- What is needed:
A word-for-word copy of the entries, with images excluded, is the expected answer.

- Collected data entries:

[Start of Attachment]

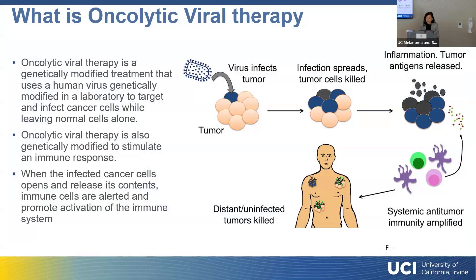So what is oncolytic viral therapy? It's different from checkpoint inhibitors but still classified as an immunotherapy. Oncolytic viral therapy is a genetically modified treatment that uses a human virus that has been modified in the lab to target and infect cancer cells — it infects cancer cells but leaves normal cells alone. It's also modified to stimulate an immune response: when it infects a cancer cell and that infected cell opens and releases its contents, immune cells are alerted, promoting a systemic activation of the immune system, amplifying the anti-tumor effect and killing cancer in other areas of the body.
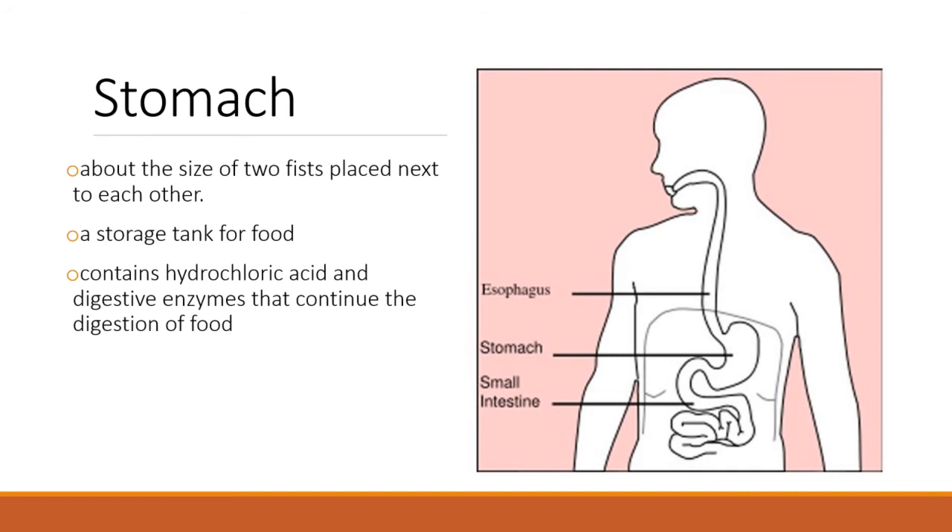The stomach is about the size of your two fists put together, though everyone's a little different. It's a storage tank for food, but a very special one — it produces mucus and hydrochloric acid to begin the breakdown of proteins and other products in your food. It protects itself from that acid with a mucus layer. That hydrochloric acid burns — you feel it when you throw up and get some in your nose. It's also really nasty for teeth, since hydrochloric acid from vomiting will wear your teeth away, so it's important to brush immediately afterward.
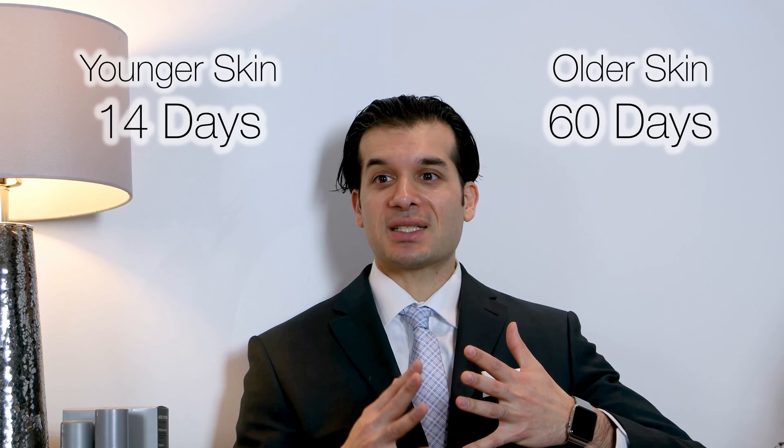Finally, retinols increase skin smoothness and decrease roughness of the skin. This is all based on scientific evidence. It initiates increased epidermal proliferation — meaning your skin cells are going to turn over faster. When we're younger, our skin cells turn over about every 14 days, and when we get older it can happen about every 60 days. This works mostly through binding of the EGF and amphiregulin receptor.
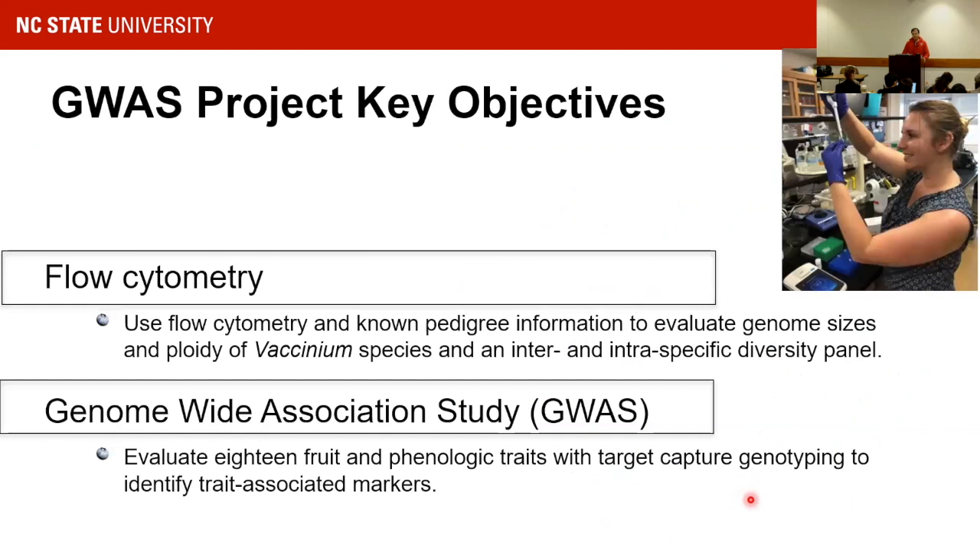The second part of the project was a GWAS. After developing these markers, we used them for a sequence capture project — a genome-wide association mapping study. We selected a diversity panel of about 280 individuals, most from our station — material developed by previous breeders — and we selected 80 genotypes from the USDA ARS Corvallis repository.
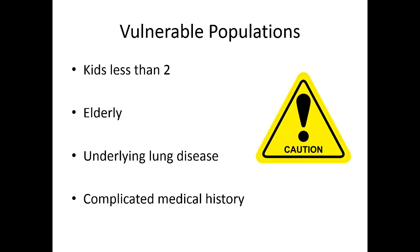The most vulnerable burn patients are children less than two years old, elderly patients, those with underlying lung disease, or complicated medical histories. These patients can't bounce back as quickly from burns and need to be treated more seriously because they don't have as much underlying reserve.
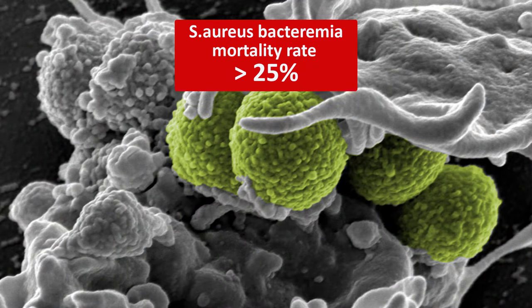Hello everyone. Staphylococcus aureus is one of the most common causes of sepsis. And despite modern medicine, mortality rates for patients with Staphylococcal bacteremia still exceed 25%. And if everything is not done perfectly in the treatment of Staphylococcal infections, this percentage can go even higher.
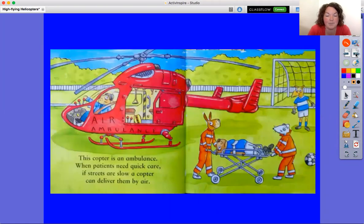This copter is an ambulance when patients need quick care. If streets are slow, a copter can deliver them by air.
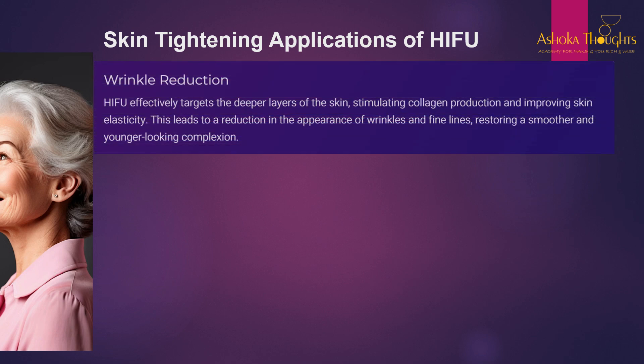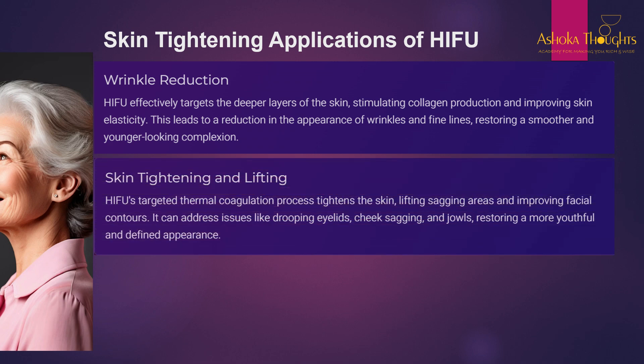For wrinkle reduction, HIFU effectively targets the deeper layers of the skin, stimulating collagen production. Collagen is a protein which holds the muscles together, improving skin elasticity. This leads to a reduction in the appearance of wrinkles and fine lines, restoring a smoother and younger-looking complexion. HIFU's targeted thermal coagulation process tightens the skin, lifting sagging areas and improving facial contours, addressing issues like drooping eyelids, cheek sagging, and jowls.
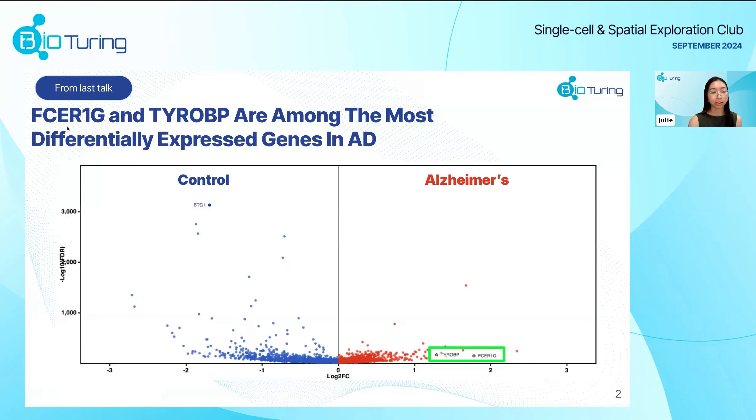To recap from last week, we found these two genes, FCER1G and TYROBP, as among the most differentially expressed genes in Alzheimer's. Based on these findings, we can now explore the potential for discovering similar markers in other neurodegenerative diseases such as Parkinson's.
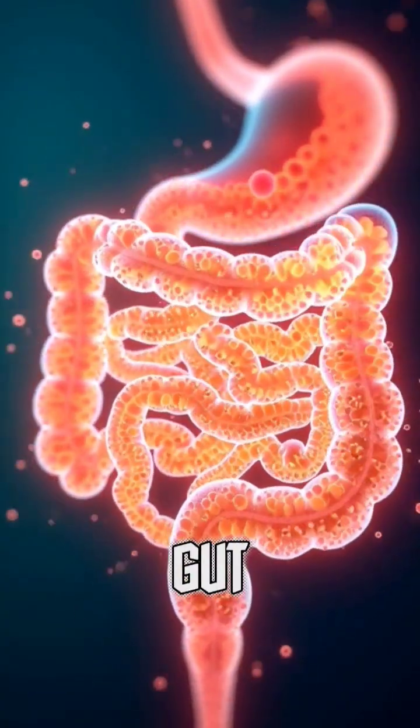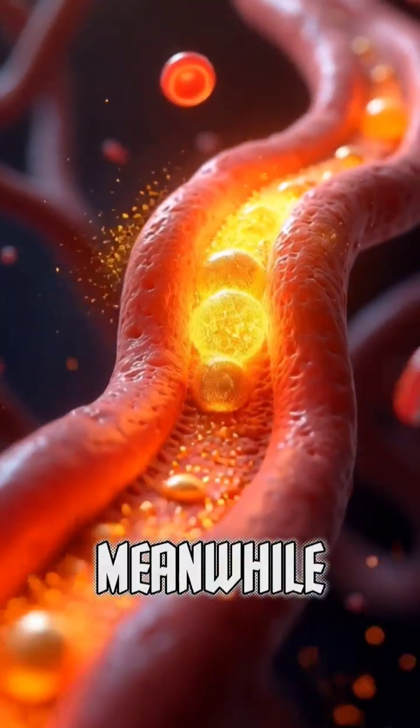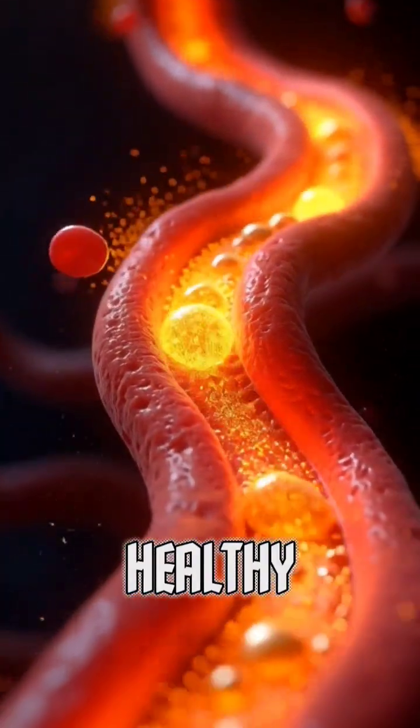The soluble fiber also feeds good gut bacteria, improving digestion and preventing constipation. Meanwhile, its flavonoids help clean the arteries and support healthy cholesterol.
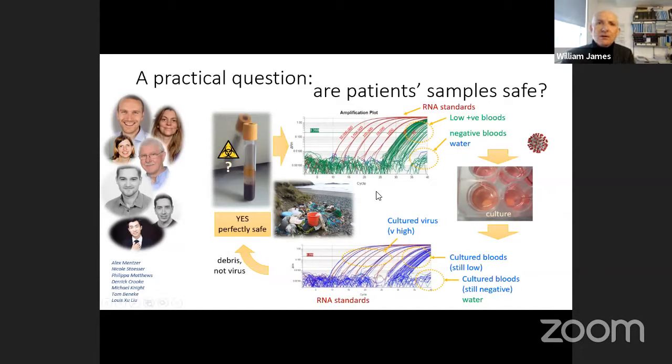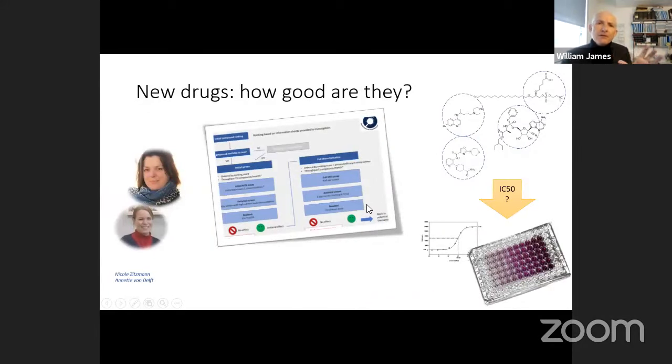Most of the requests for access to our facility have come in the field of antiviral research — a very important area because there are as yet no fully validated drugs that work against this virus. Nicole Zitzman is leading a team to evaluate a very large number of novel candidate antiviral molecules against this virus, using the core facility on a very open basis to identify the strongest candidates to enter into further clinical trials. Nicole will be giving a much more detailed presentation in next week's COVID conversation.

[End of Attachment]

- Task solution:
So what is oncolytic viral therapy? It's different from checkpoint inhibitors but still classified as an immunotherapy. Oncolytic viral therapy is a genetically modified treatment that uses a human virus that has been modified in the lab to target and infect cancer cells — it infects cancer cells but leaves normal cells alone. It's also modified to stimulate an immune response: when it infects a cancer cell and that infected cell opens and releases its contents, immune cells are alerted, promoting a systemic activation of the immune system, amplifying the anti-tumor effect and killing cancer in other areas of the body.
The stomach is about the size of your two fists put together, though everyone's a little different. It's a storage tank for food, but a very special one — it produces mucus and hydrochloric acid to begin the breakdown of proteins and other products in your food. It protects itself from that acid with a mucus layer. That hydrochloric acid burns — you feel it when you throw up and get some in your nose. It's also really nasty for teeth, since hydrochloric acid from vomiting will wear your teeth away, so it's important to brush immediately afterward.
Finally, retinols increase skin smoothness and decrease roughness of the skin. This is all based on scientific evidence. It initiates increased epidermal proliferation — meaning your skin cells are going to turn over faster. When we're younger, our skin cells turn over about every 14 days, and when we get older it can happen about every 60 days. This works mostly through binding of the EGF and amphiregulin receptor.
The second part of the project was a GWAS. After developing these markers, we used them for a sequence capture project — a genome-wide association mapping study. We selected a diversity panel of about 280 individuals, most from our station — material developed by previous breeders — and we selected 80 genotypes from the USDA ARS Corvallis repository.
The most vulnerable burn patients are children less than two years old, elderly patients, those with underlying lung disease, or complicated medical histories. These patients can't bounce back as quickly from burns and need to be treated more seriously because they don't have as much underlying reserve.
Hello everyone. Staphylococcus aureus is one of the most common causes of sepsis. And despite modern medicine, mortality rates for patients with Staphylococcal bacteremia still exceed 25%. And if everything is not done perfectly in the treatment of Staphylococcal infections, this percentage can go even higher.
This copter is an ambulance when patients need quick care. If streets are slow, a copter can deliver them by air.
For wrinkle reduction, HIFU effectively targets the deeper layers of the skin, stimulating collagen production. Collagen is a protein which holds the muscles together, improving skin elasticity. This leads to a reduction in the appearance of wrinkles and fine lines, restoring a smoother and younger-looking complexion. HIFU's targeted thermal coagulation process tightens the skin, lifting sagging areas and improving facial contours, addressing issues like drooping eyelids, cheek sagging, and jowls.
To recap from last week, we found these two genes, FCER1G and TYROBP, as among the most differentially expressed genes in Alzheimer's. Based on these findings, we can now explore the potential for discovering similar markers in other neurodegenerative diseases such as Parkinson's.
The soluble fiber also feeds good gut bacteria, improving digestion and preventing constipation. Meanwhile, its flavonoids help clean the arteries and support healthy cholesterol.
Most of the requests for access to our facility have come in the field of antiviral research — a very important area because there are as yet no fully validated drugs that work against this virus. Nicole Zitzman is leading a team to evaluate a very large number of novel candidate antiviral molecules against this virus, using the core facility on a very open basis to identify the strongest candidates to enter into further clinical trials. Nicole will be giving a much more detailed presentation in next week's COVID conversation.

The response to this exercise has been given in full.